What you are asked to do: Once you reach the line with "Read Chihayafuru Manga Online", transcribe it and every line after it to the end of the records, exactly, but not the pictures.

Listed entries:
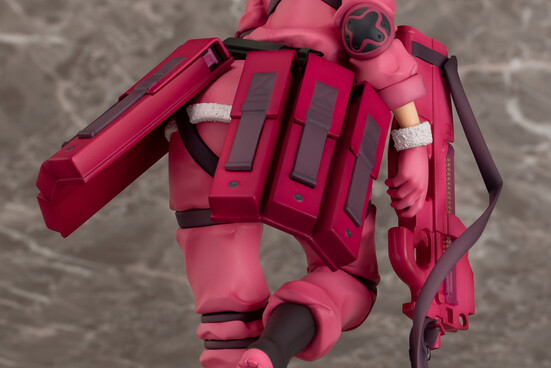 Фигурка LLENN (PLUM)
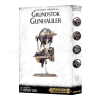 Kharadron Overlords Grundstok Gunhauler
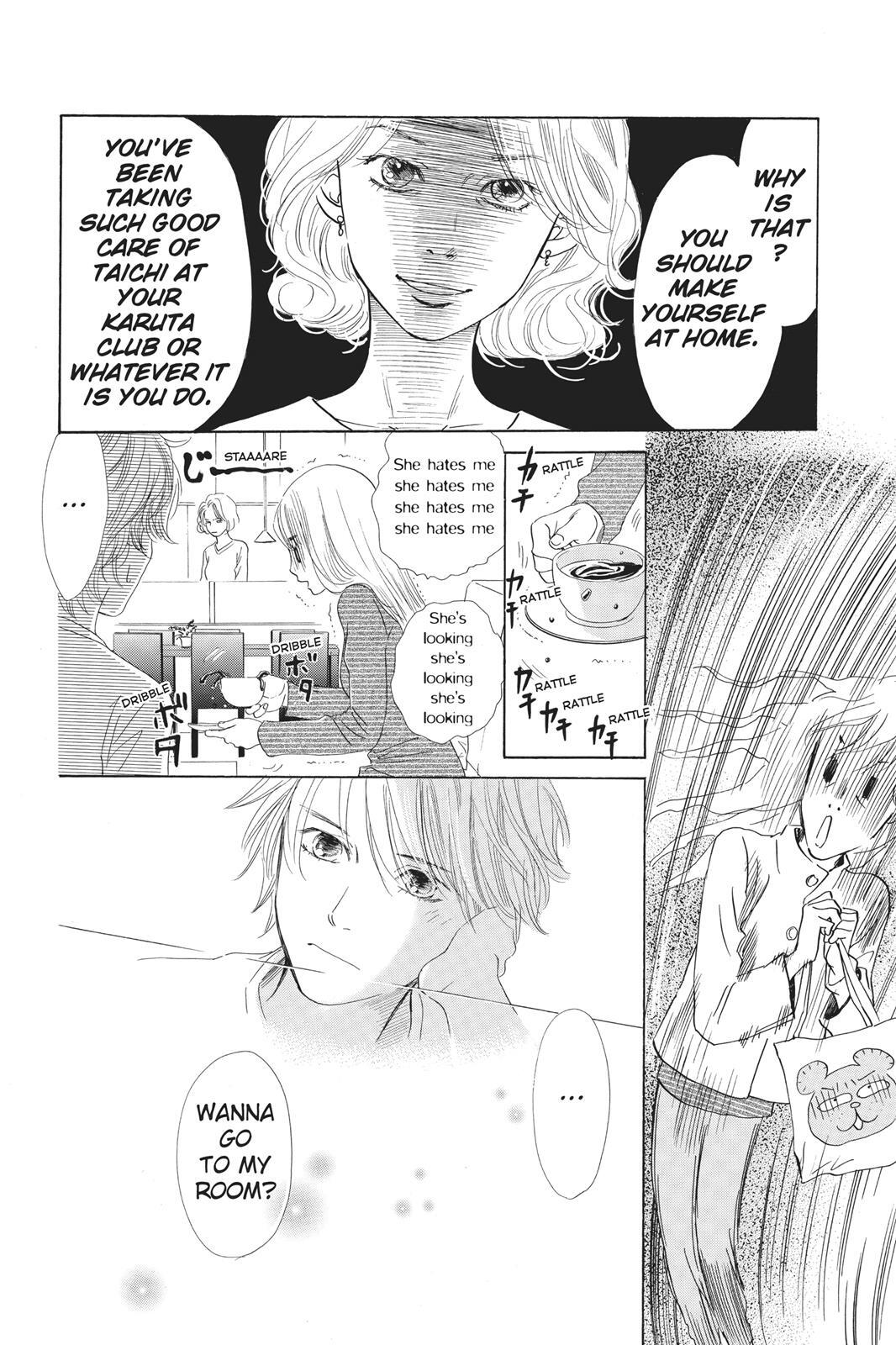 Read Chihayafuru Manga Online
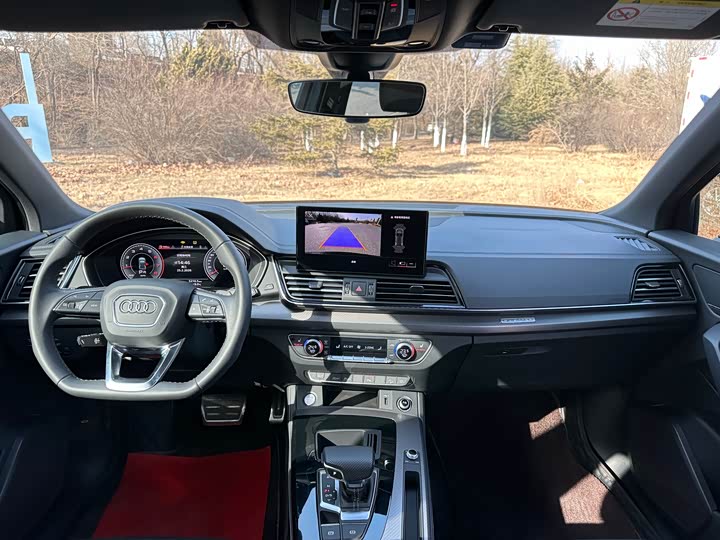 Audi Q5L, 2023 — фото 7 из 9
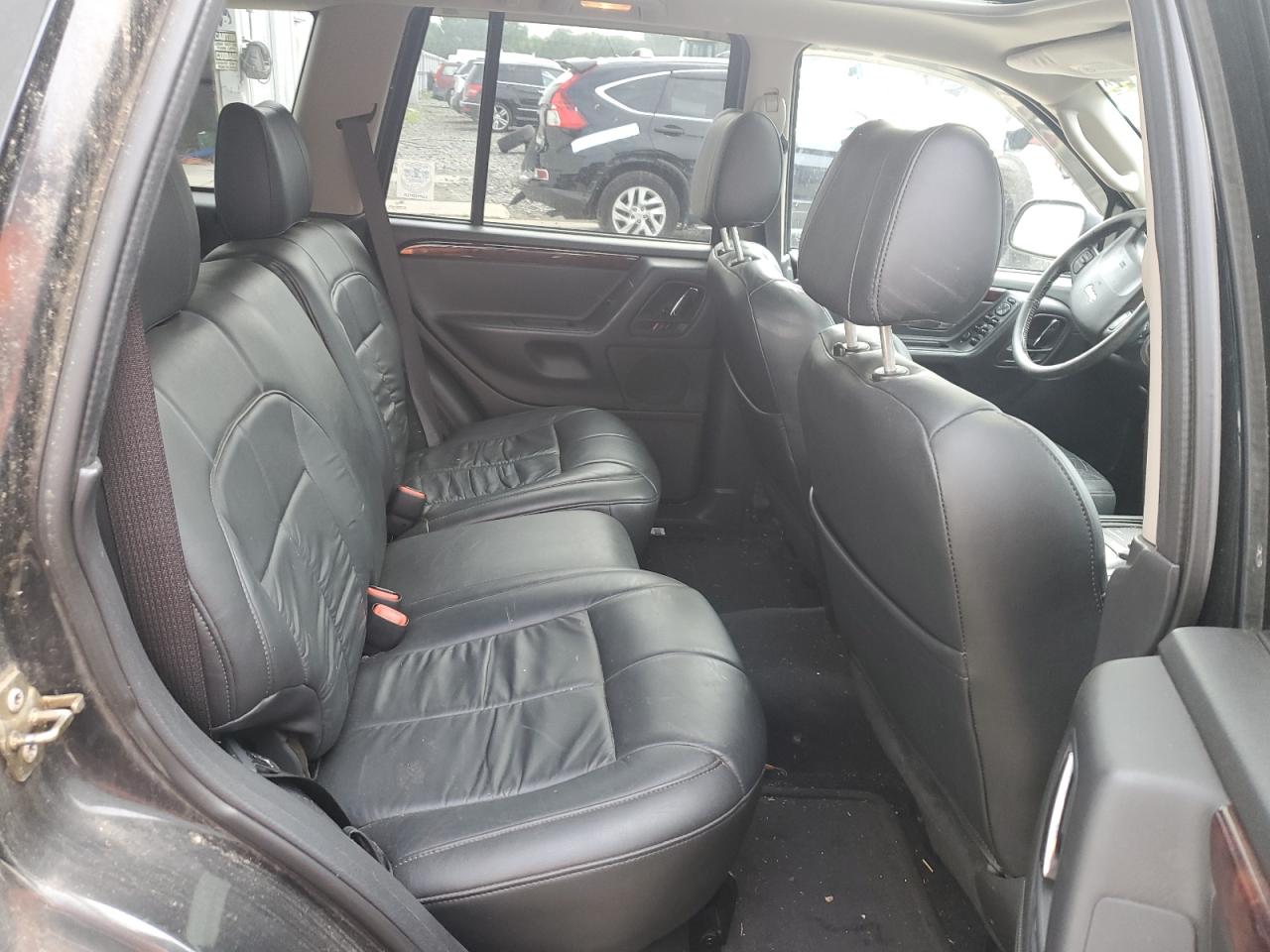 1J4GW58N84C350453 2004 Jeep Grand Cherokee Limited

The completed task:
 Read Chihayafuru Manga Online
 Audi Q5L, 2023 — фото 7 из 9
 1J4GW58N84C350453 2004 Jeep Grand Cherokee Limited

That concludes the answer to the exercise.